━━━ Data provided
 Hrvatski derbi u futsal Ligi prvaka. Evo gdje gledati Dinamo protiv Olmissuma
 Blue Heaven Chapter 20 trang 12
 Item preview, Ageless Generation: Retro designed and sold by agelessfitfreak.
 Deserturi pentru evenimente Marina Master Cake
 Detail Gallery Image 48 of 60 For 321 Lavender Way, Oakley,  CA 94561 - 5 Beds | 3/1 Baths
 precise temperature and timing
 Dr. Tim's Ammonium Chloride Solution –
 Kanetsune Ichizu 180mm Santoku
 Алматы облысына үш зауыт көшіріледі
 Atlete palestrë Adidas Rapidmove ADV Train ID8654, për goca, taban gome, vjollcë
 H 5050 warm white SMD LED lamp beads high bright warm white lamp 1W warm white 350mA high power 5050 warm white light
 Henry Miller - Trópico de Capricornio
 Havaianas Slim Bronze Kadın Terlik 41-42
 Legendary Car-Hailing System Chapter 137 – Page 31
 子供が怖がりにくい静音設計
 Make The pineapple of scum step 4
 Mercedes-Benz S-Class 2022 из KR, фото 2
━━━━━━
● Exercise aim
Whenever a line in the material above holds the string "Chapter", copy that line in full.

● The completed task
 Blue Heaven Chapter 20 trang 12
 Legendary Car-Hailing System Chapter 137 – Page 31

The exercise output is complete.